Supplied entries:
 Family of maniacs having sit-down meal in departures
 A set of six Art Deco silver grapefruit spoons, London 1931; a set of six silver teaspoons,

---

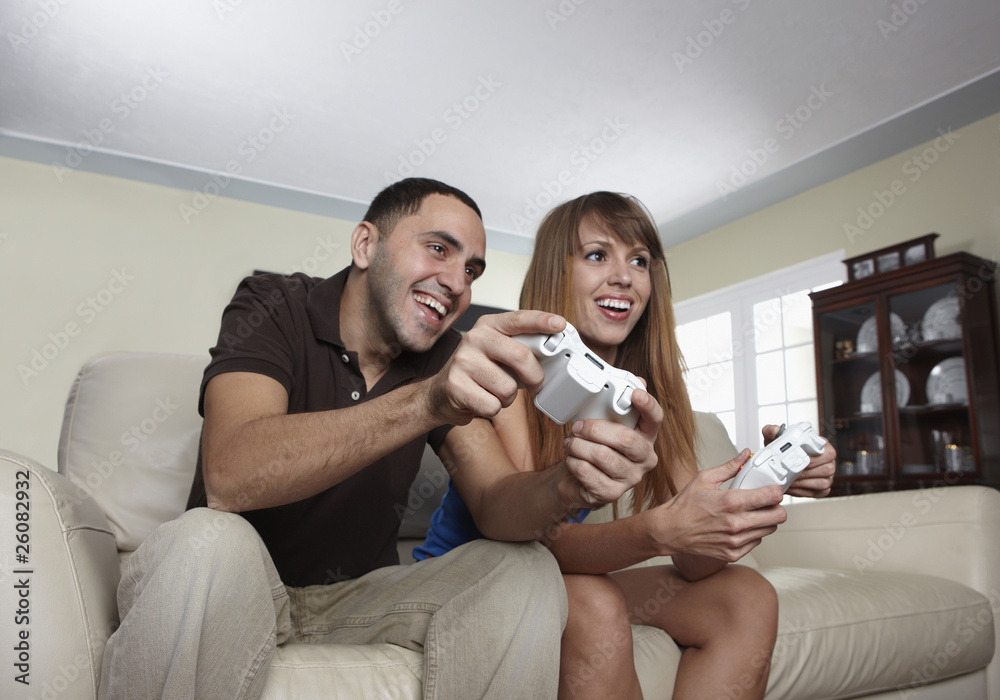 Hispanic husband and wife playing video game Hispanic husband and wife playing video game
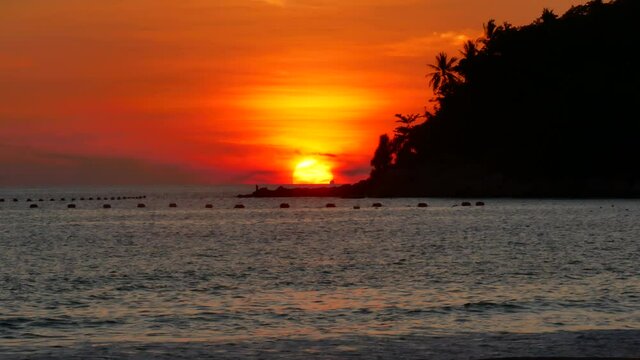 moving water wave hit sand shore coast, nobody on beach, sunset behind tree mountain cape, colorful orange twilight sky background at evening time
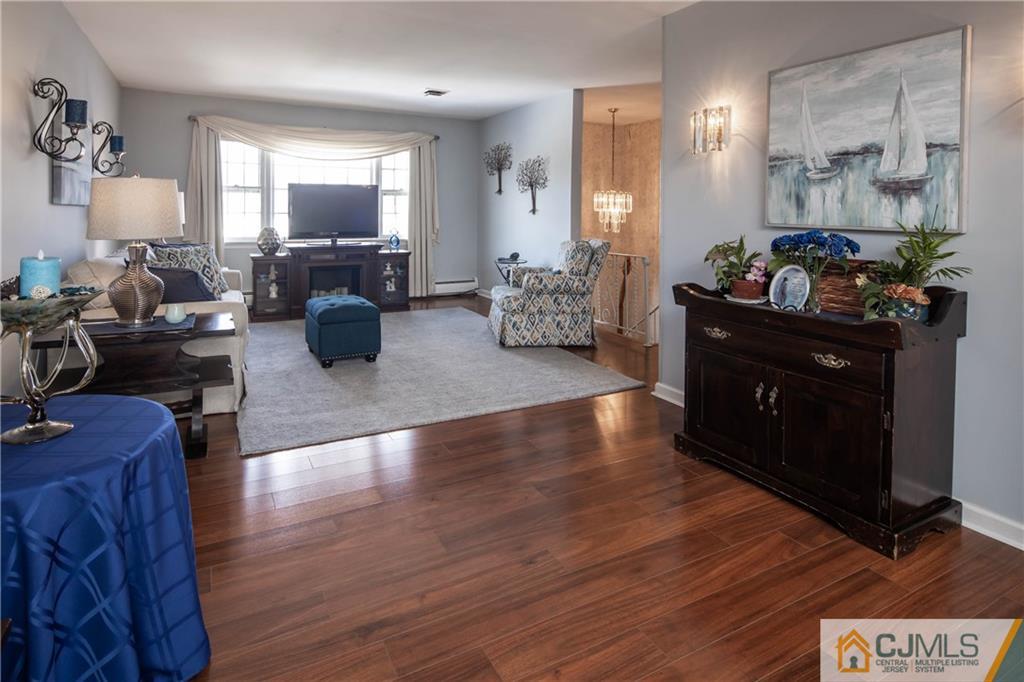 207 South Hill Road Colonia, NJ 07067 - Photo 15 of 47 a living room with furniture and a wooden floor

Instructions to follow: Could you transcribe the entries above word for word, from the line with "Family of maniacs" down to the line with "A set of six Art", keeping both?

Expected output:
 Family of maniacs having sit-down meal in departures
 A set of six Art Deco silver grapefruit spoons, London 1931; a set of six silver teaspoons,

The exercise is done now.